The constitutionality of the Affordable Care Act is a lively topic at morning coffee. Today a friend sent a link to a pro-ACA argument. Here’s a copy of my response.
This argument has intellectual appeal–I keep expressing it in the shorthand “not to decide is to decide,” meaning inactivity also has consequences–and it’s a concept that the law recognizes in some contexts. In some states, a seller of residential property has a common-law (meaning, judge-imposed as opposed to statutorily-imposed) duty to disclose information about the property that would not be readily apparent or easily discoverable through typical buyer’s diligence. The duty arises just by virtue of the seller’s superior knowledge, whether or not the buyer asks a question that would trigger disclosure, and the seller can be liable for any economic harm the buyer suffers from the seller’s failure to disclose. The legal question, though, is not whether the argument has intellectual appeal. It’s whether regulating inactivity is within Congress’s power under the commerce clause. Answering that question requires looking at prior commerce clause cases to see how the Court has defined the scope of commerce clause power. This author frames the question this way:
the Commerce Clause empowers the federal government to regulate interstate commerce; the American health care system is interstate commerce; and the Affordable Care Act regulates the health care system
That law is not that simple. In 1995 in US v Lopez the Court ruled the Gun Free School Zone Act was beyond Congress’s commerce clause power. The government argued (among other things) that guns are sold in interstate commerce, that guns are often used in connection with the drug trade, which is in interstate commerce, that the presence of guns in schools has a deleterious effect on education, turning out students less able to reach their potential as economic actors, affecting interstate commerce. The Court disagreed, saying there was insufficient nexus between the activity regulated–guns in schools–and Congress’s commerce clause power. If the law were as simple as the writer suggests the Lopez case would have come out the other way, because “guns are in interstate commerce; and the Gun Free School Zone Act regulates gun possession.”
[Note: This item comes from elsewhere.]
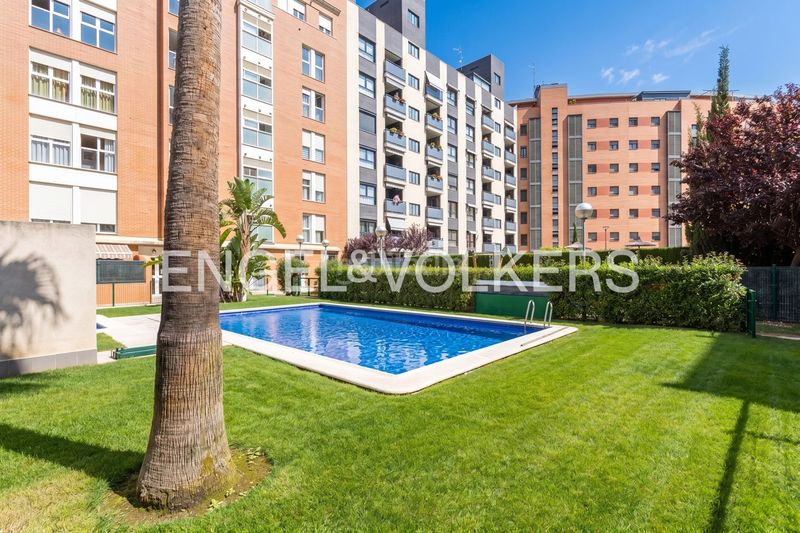 Piso mucha luz y buena ubicación! piso en residencial de Nou Benicalap en Valencia - Imagen 38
My aim is only to explain the legal context of the ACA challenge. It’s easy to talk about as pure politics, and if the Court eventually strikes down the law in a 5-4 decision I have no doubt the common wisdom will be that it was decided on pure politics. I think the legal discussion is more interesting and intellectually challenging than the binary left/right, democrat/republican, pro-Obama/anti-Obama discussions. It involves fundamental issues about natural rights and individual liberty, as the founding fathers understood them, and the Constitution’s limits on federal government power.